◆ **Exercise details**:
Go to the line containing "DeeZee Torebka SMT4496-D" in the records below and print it and every following line exactly, on through the line containing "Eloquii Wide Calf Boots - Picture 4 of 5", then stop.
___ Data for this exercise
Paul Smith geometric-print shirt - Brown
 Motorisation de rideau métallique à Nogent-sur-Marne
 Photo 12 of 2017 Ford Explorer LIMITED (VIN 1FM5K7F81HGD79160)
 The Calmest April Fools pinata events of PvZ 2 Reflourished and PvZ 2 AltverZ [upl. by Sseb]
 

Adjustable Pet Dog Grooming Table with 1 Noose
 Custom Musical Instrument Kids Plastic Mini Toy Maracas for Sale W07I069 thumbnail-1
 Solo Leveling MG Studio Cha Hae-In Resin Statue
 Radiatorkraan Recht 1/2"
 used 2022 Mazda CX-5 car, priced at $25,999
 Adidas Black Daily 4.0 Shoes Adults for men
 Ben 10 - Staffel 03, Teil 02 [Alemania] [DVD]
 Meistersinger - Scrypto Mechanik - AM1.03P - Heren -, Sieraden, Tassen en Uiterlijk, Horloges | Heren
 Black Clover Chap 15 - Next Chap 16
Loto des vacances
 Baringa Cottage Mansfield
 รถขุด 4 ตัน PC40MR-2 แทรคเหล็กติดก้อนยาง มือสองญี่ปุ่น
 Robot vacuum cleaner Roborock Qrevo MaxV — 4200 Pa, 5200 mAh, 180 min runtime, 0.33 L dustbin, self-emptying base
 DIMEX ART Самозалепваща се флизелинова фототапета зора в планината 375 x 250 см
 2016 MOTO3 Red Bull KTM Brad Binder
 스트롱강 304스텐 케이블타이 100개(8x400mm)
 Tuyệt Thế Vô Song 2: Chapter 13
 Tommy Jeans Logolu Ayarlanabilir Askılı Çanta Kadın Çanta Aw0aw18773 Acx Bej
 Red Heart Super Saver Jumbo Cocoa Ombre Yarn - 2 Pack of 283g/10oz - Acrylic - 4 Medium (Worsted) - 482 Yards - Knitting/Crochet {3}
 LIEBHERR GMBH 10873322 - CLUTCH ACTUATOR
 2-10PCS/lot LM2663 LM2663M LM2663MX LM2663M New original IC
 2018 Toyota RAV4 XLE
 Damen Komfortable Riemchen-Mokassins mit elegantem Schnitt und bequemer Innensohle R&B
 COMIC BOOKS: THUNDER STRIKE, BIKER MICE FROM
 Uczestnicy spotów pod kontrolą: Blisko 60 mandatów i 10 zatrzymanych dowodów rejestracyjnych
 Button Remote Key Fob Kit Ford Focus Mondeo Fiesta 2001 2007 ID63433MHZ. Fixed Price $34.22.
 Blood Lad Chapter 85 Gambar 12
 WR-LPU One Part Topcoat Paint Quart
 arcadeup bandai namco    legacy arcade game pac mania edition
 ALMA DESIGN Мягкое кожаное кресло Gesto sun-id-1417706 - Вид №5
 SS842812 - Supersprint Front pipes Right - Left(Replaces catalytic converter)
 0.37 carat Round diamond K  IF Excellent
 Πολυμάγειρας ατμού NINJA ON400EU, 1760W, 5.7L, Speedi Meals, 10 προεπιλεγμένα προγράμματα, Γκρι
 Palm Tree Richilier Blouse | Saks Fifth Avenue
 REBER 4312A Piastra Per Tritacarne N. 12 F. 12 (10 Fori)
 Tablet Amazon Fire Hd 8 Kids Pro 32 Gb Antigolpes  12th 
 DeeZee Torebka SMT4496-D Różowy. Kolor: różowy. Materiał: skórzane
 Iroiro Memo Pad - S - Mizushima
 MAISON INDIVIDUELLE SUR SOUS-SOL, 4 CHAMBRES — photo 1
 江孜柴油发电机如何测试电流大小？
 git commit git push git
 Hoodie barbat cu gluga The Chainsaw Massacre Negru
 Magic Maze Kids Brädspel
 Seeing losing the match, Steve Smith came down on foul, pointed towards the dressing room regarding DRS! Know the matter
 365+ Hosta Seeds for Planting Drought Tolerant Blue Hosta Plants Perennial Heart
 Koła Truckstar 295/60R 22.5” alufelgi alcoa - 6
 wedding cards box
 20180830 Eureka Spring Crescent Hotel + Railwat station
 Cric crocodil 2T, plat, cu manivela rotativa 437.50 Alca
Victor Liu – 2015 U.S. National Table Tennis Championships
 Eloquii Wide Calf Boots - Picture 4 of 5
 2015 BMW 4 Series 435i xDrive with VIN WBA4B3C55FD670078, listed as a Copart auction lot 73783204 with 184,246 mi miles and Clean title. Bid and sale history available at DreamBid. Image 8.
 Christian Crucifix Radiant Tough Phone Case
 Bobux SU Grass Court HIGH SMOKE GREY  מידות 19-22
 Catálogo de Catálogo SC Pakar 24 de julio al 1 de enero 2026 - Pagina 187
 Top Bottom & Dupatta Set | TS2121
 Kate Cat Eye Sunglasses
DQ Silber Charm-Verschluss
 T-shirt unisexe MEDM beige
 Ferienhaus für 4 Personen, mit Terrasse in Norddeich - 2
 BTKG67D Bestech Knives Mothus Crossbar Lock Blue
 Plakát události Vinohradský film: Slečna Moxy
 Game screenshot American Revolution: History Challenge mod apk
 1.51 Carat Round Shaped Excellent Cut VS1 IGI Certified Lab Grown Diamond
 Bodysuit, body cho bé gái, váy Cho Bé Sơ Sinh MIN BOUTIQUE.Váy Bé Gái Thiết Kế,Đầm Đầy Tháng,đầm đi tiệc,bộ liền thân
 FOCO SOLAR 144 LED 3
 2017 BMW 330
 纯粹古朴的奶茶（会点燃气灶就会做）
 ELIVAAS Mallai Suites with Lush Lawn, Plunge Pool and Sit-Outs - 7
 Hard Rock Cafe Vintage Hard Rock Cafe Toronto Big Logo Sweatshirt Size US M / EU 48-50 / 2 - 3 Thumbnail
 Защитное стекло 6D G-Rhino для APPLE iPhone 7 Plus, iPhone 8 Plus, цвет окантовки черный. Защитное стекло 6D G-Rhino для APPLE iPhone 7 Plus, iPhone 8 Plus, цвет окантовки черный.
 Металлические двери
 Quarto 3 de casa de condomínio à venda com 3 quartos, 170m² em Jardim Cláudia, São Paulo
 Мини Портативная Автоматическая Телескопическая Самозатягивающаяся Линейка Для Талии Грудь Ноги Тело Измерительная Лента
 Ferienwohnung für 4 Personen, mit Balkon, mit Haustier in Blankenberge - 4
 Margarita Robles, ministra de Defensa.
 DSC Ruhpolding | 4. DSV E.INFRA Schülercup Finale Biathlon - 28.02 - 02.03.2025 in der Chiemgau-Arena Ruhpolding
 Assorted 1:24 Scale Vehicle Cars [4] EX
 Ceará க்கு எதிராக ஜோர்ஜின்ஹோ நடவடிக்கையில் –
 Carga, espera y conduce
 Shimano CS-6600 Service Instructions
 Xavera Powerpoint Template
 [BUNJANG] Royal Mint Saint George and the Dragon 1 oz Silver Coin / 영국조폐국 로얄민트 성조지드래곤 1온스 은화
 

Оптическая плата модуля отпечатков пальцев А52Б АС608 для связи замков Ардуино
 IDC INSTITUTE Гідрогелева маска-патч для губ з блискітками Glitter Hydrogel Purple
______
◆ **Response to this task**:
 DeeZee Torebka SMT4496-D Różowy. Kolor: różowy. Materiał: skórzane
 Iroiro Memo Pad - S - Mizushima
 MAISON INDIVIDUELLE SUR SOUS-SOL, 4 CHAMBRES — photo 1
 江孜柴油发电机如何测试电流大小？
 git commit git push git
 Hoodie barbat cu gluga The Chainsaw Massacre Negru
 Magic Maze Kids Brädspel
 Seeing losing the match, Steve Smith came down on foul, pointed towards the dressing room regarding DRS! Know the matter
 365+ Hosta Seeds for Planting Drought Tolerant Blue Hosta Plants Perennial Heart
 Koła Truckstar 295/60R 22.5” alufelgi alcoa - 6
 wedding cards box
 20180830 Eureka Spring Crescent Hotel + Railwat station
 Cric crocodil 2T, plat, cu manivela rotativa 437.50 Alca
Victor Liu – 2015 U.S. National Table Tennis Championships
 Eloquii Wide Calf Boots - Picture 4 of 5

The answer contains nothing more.